-1

Trying to do practice on using large data on AWS using mapreduce and python.

I have the code

    import sys
    import re
    import csv
    import glob
    import string

    #class MyDialect(csv.Dialect):
        #strict = True
        #skipinitialspace = False
        #quoting = QUOTE_MINIMAL
        #delimiter = ','
        #quotechar = '"'

    for line in sys.stdin:
        csv.reader(line, dialect='excel')
        #reader = csv.reader(line, delimiter=',', quoting=csv.QUOTE_ALL,  quotechar='"')
        #line = line.strip()
        #unpacked = line.split(",")
        try:
        #regular expresion 
          num,title,year,length,budget,rating,votes,r1,r2,r3,r4,r5,r6,r7,r8,r9,r10,mpaa,Action,Animation,Comedy,Drama,Documentary,Romance,Short = line.split(",")
          if float(rating) <= 1:
            results = [votes, rating, title, year]
            print("\t".join(results))
        except ValueError:
          pass

Now I know this isn't perfect its outputing the line value, however whenever I try to use the csv on the line I get .
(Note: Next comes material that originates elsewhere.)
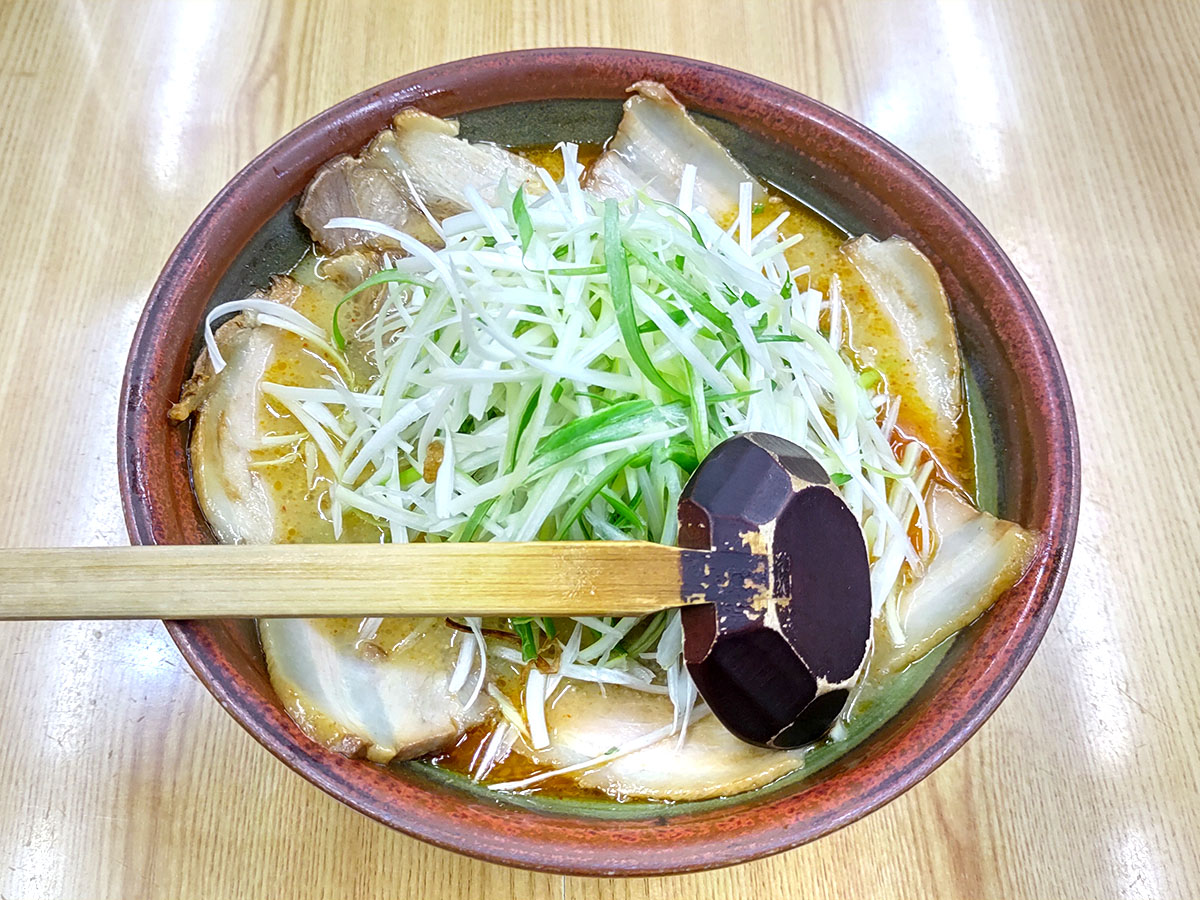 ピリカラみそねぎラーメン　大盛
<_csv.reader object at 0x7fc2c184e280>

for all my lines.

I need to get the input as a line, and the output it to std out as this is one node processing the data and passing it to the reducer. I have most of the bugs worked out, however it doesn't accept titles with a comma in them. so "Blair witch, the" would be skipped and not shown in the list as I believe the budget becomes the rating and the rating the votes.
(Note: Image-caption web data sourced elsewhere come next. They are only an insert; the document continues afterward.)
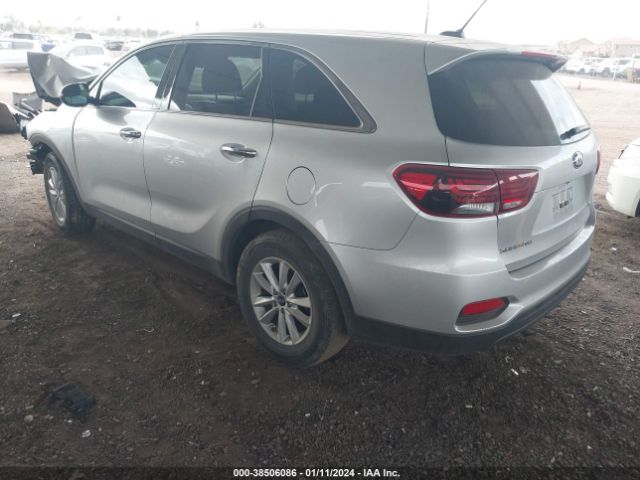 5XYPG4A3XKG584365  kia sorento 2019 IMG 2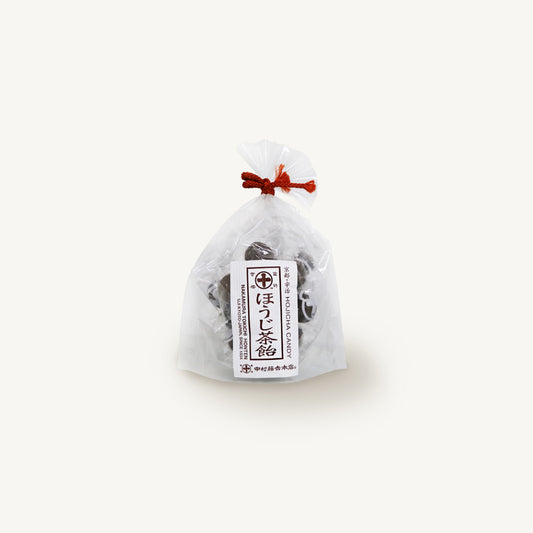 京都 宇治 中村藤吉本店［ほうじ茶］飴。艶やかな見た目が上品で、香りが高くすっきりとした口当たり。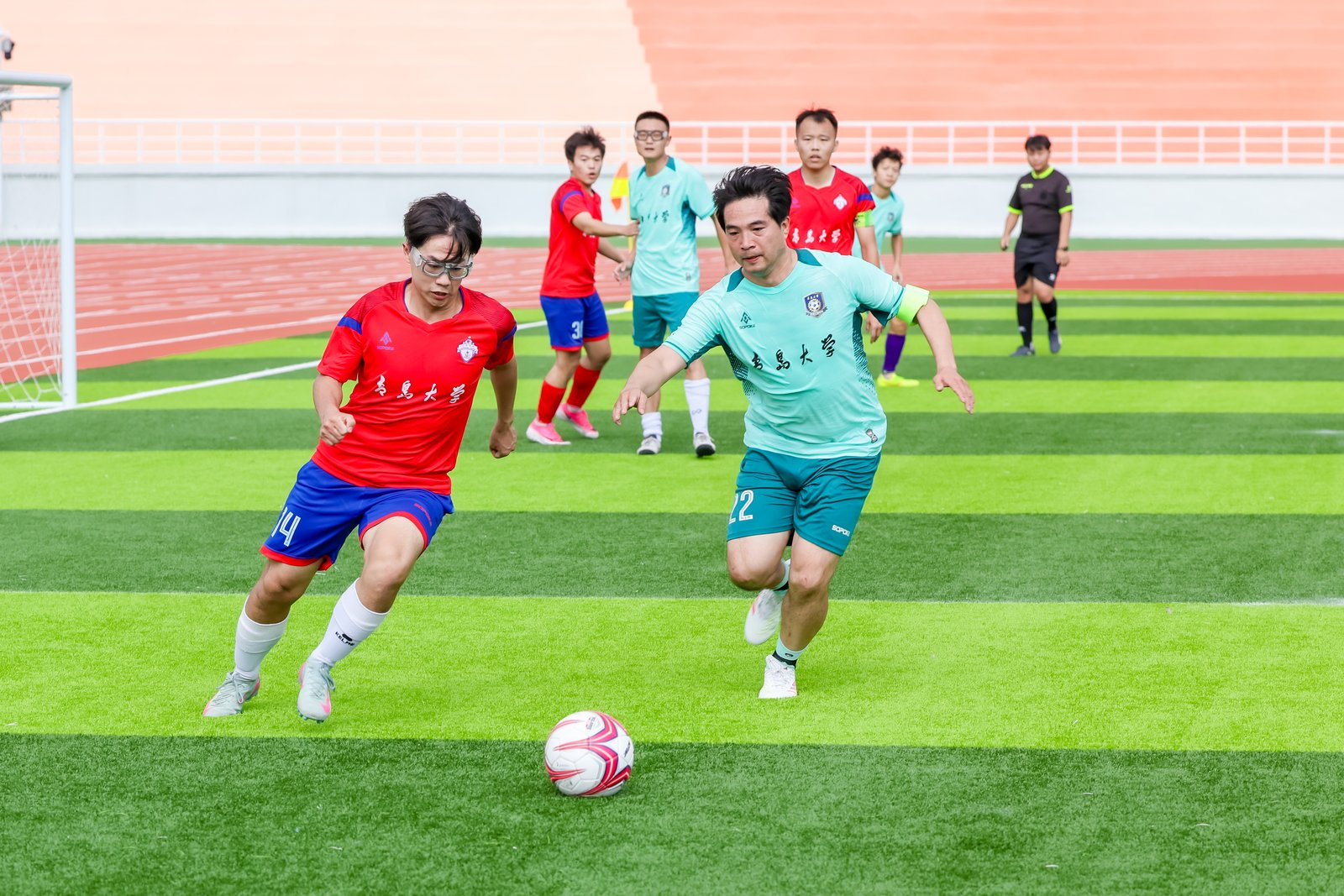 绿茵为约归母校　青大风华续新篇——青岛大学第一届“校友杯”足球超级联赛开幕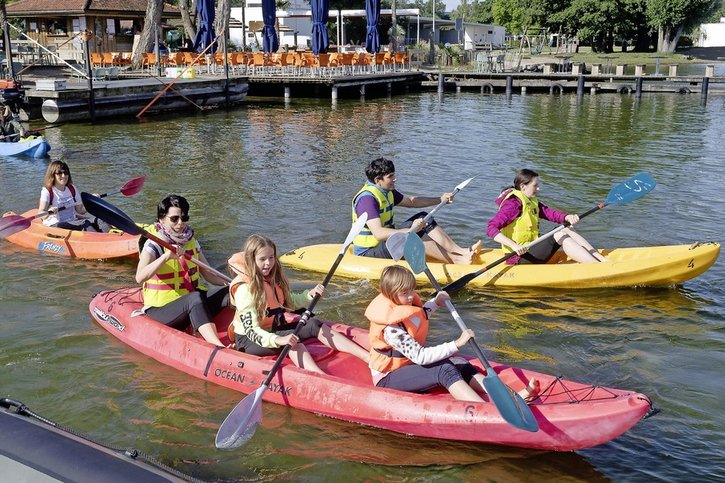 Les kayaks sont des embarcations très stables, faciles à manier et accessibles aux sportifs comme aux moins sportifs.  © Charly Rappo
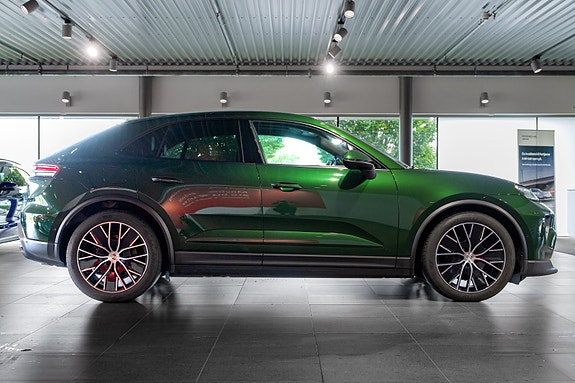 Porsche Macan 6 of 30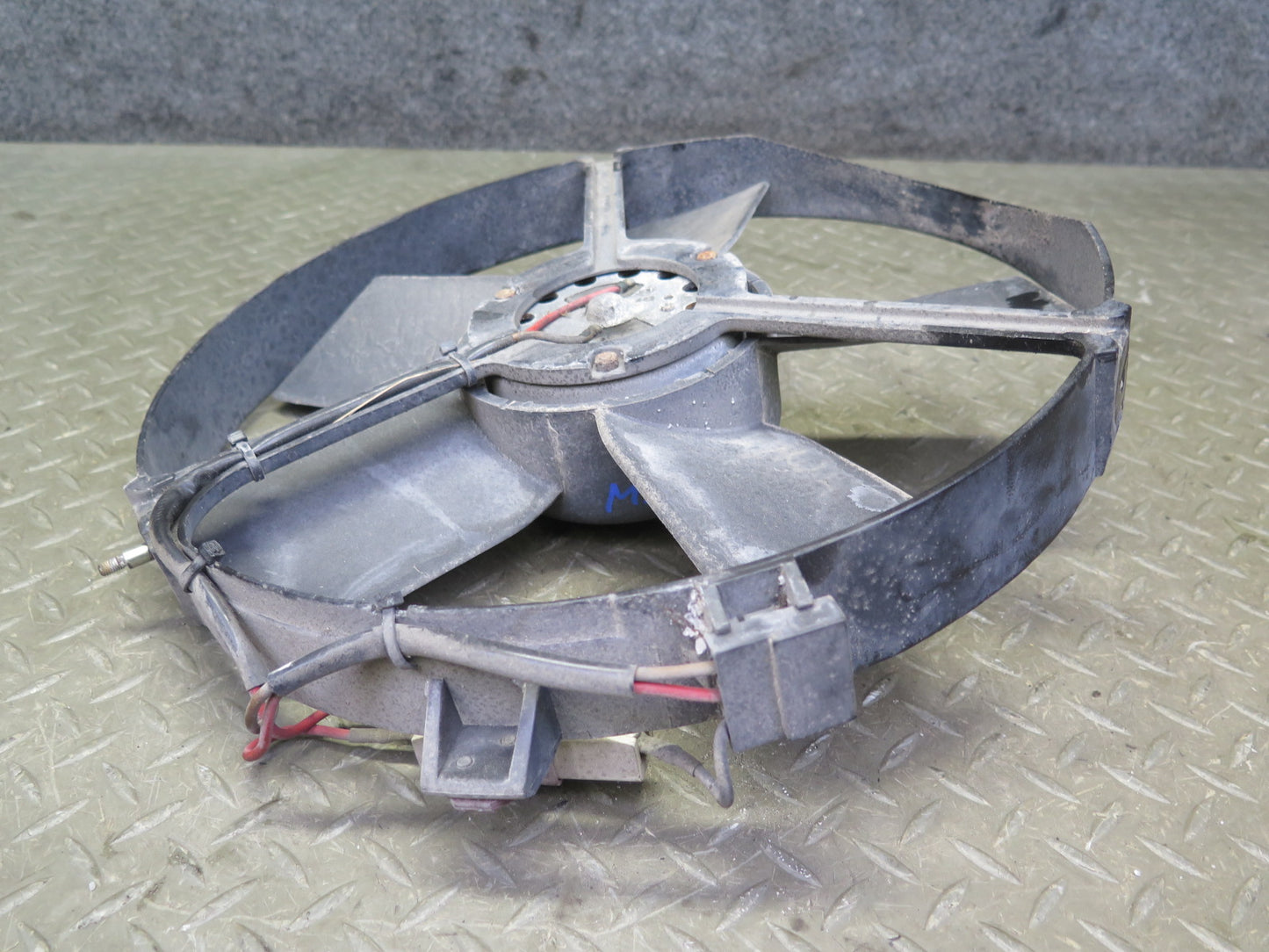 83-89 BMW E24 633CSi Engine Cooling Fan Motor Shroud 0130703001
Any idea on how to do this?

Sean Sullivan
  • 329
  • 3
  • 6
  • 17

2 Answers2

0

csv.reader takes an opened file as its argument and will return you a reader object which will iterate over lines in the given csvfile. Since you didn't handle the return value of csv.reader, it will print the lines you saw. Therefore you need to use a variable to store the reader and then iterate use that reader object if you want to use this module or just delete that line if you want to manually parse the file. See the document for detail: https://docs.python.org/2/library/csv.html

Haochen Wu
  • 1,753
  • 1
  • 17
  • 24
  • I did try to do "readline = csv.reader(line)" and print readline, but I got an object back, is there a way to pass those to a variable? – Sean Sullivan Apr 27 '15 at 17:44
  • csv.reader is supposed to take care of a set of csv lines. You can not use it to process one single line. The object it returns can be iterated and each iteration will give you a list that contains the elements in one line of the original csv file. Here is an example of how to use it over stdin:http://stackoverflow.com/questions/6556078/how-to-read-a-csv-file-from-a-stream-and-process-each-line-as-it-is-written – Haochen Wu Apr 27 '15 at 18:10
-1

Ok found the simpler way of doing all this. If you are the admin you have control of the data, instead of doing "," as the deliminator, use tabs, then you won't have issues with the commas anyplace. Most database information doesn't have tabs, unless there is a lot of text.

Know your data, work the program around the data in tandem.

Sean Sullivan
  • 329
  • 3
  • 6
  • 17